Exercise prompt - In your copy, reproduce the entries exactly as they are, minus the images.

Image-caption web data
____
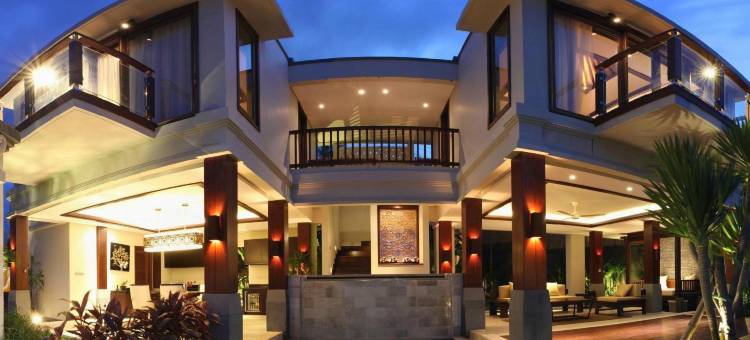 巴厘岛寰庭臻选塔纳德瓦努沙杜瓦别墅(tanadewa Villas Nusa Dua Bali by Cross Collection)图片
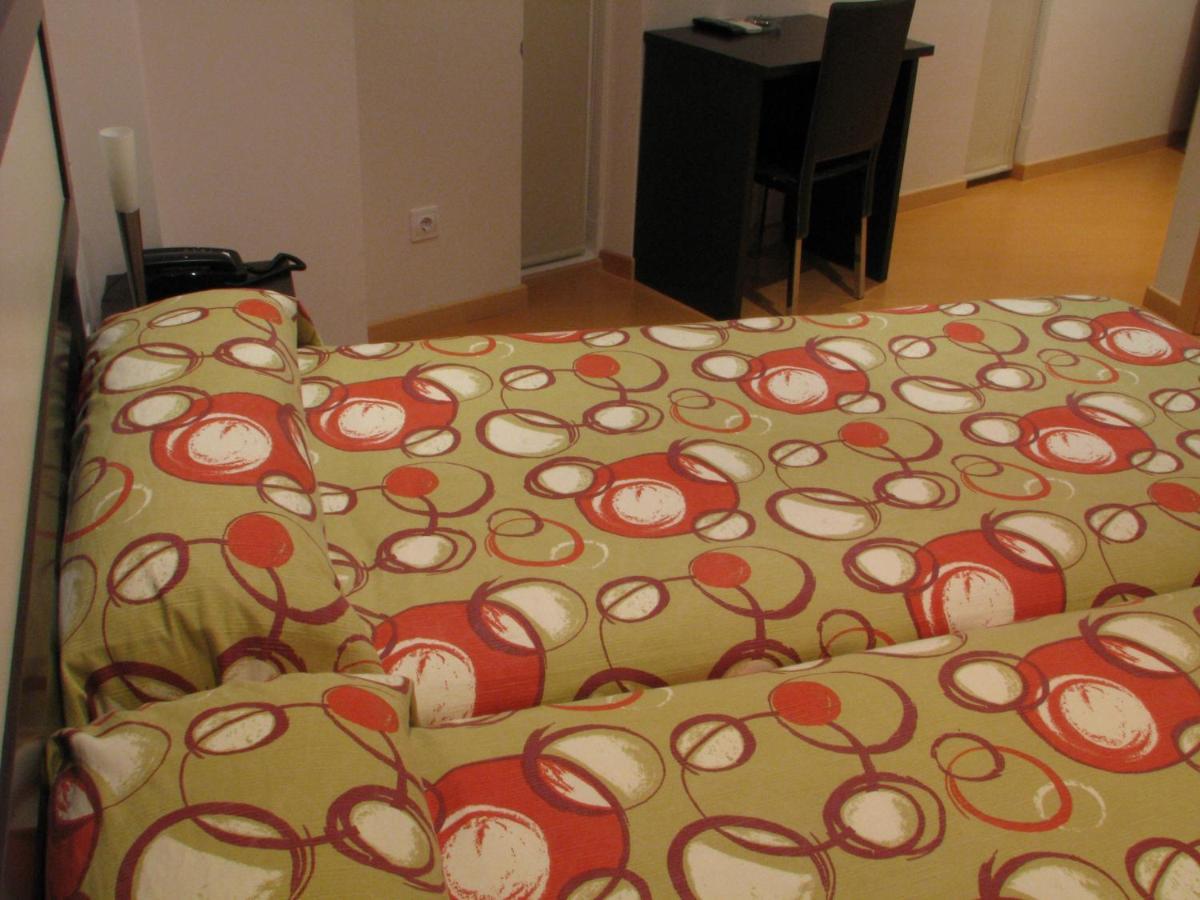 Hotel Elizalde โอยาร์ทชุน ภายนอก รูปภาพ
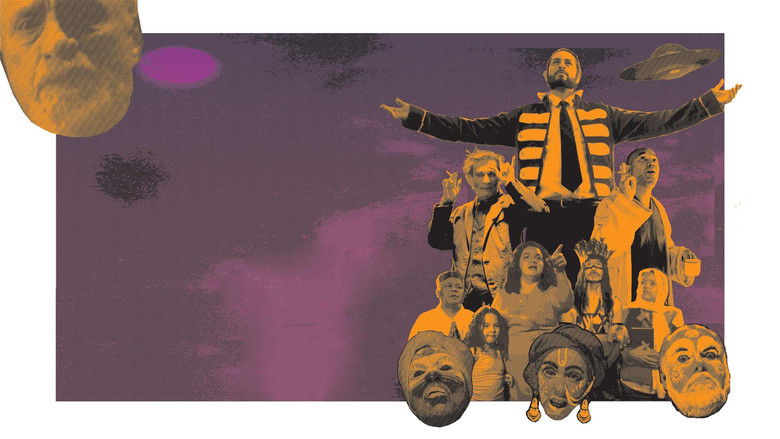 кадр из фильма São Ateu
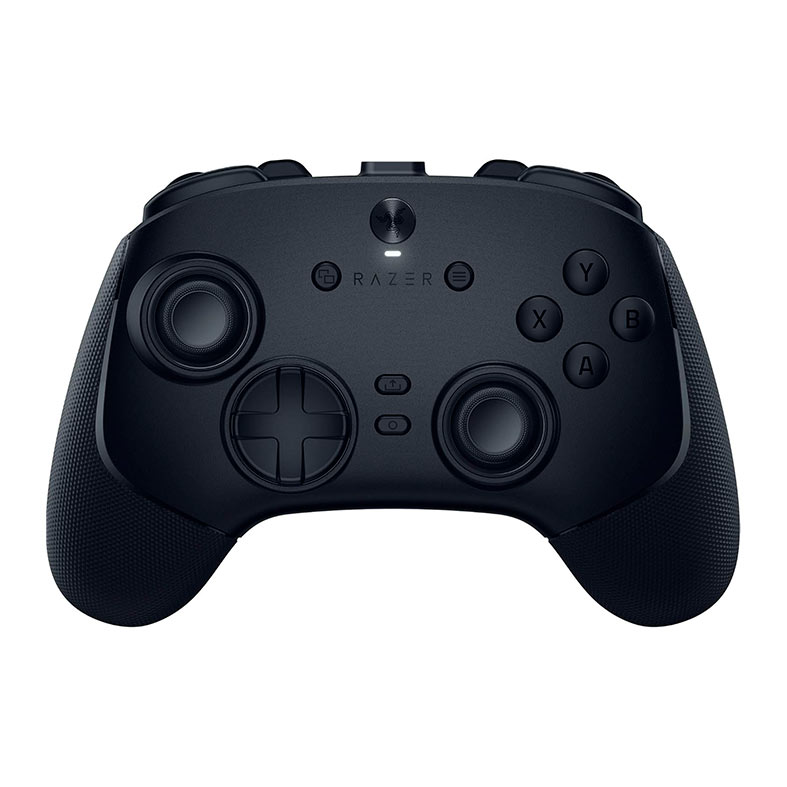 Controle Razer Wolverine V3 Pro 8K PC, Wireless, Preto, RZ06-05540100-R3U1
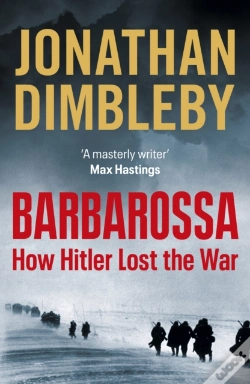 Capa do artigo Barbarossa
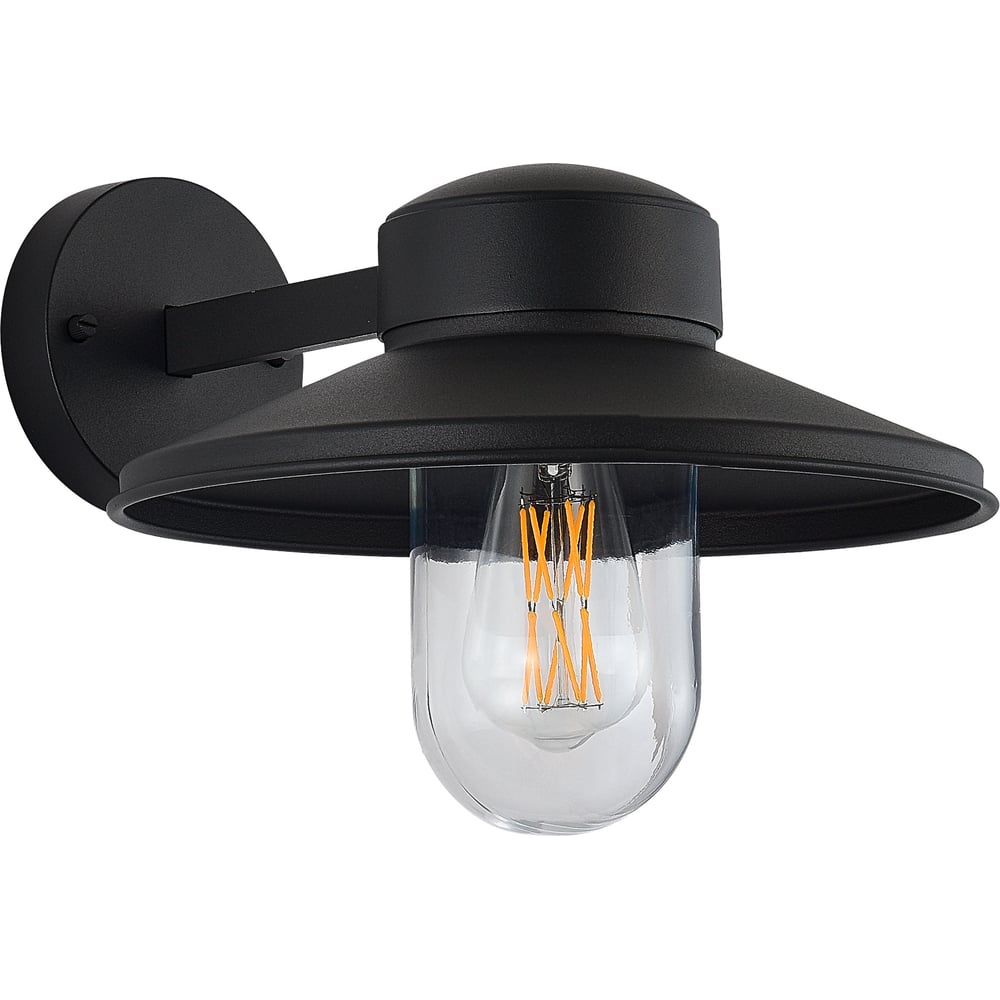 Изображение товара Светильник уличный настенный ST LUCE темно-серый E27 1*60W SL9542.701.01 Изображение товара Светильник уличный настенный ST LUCE темно-серый E27 1*60W SL9542.701.01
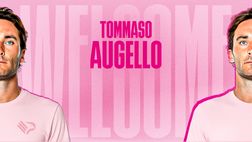 UFFICIALE, AUGELLO È UN NUOVO GIOCATORE DEL PALERMO: IL COMUNICATO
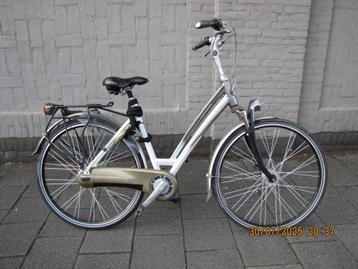 dames fiets als nieuw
____
Exercise output -
 巴厘岛寰庭臻选塔纳德瓦努沙杜瓦别墅(tanadewa Villas Nusa Dua Bali by Cross Collection)图片
 Hotel Elizalde โอยาร์ทชุน ภายนอก รูปภาพ
 кадр из фильма São Ateu
 Controle Razer Wolverine V3 Pro 8K PC, Wireless, Preto, RZ06-05540100-R3U1
 Capa do artigo Barbarossa
 Изображение товара Светильник уличный настенный ST LUCE темно-серый E27 1*60W SL9542.701.01 Изображение товара Светильник уличный настенный ST LUCE темно-серый E27 1*60W SL9542.701.01
 UFFICIALE, AUGELLO È UN NUOVO GIOCATORE DEL PALERMO: IL COMUNICATO
 dames fiets als nieuw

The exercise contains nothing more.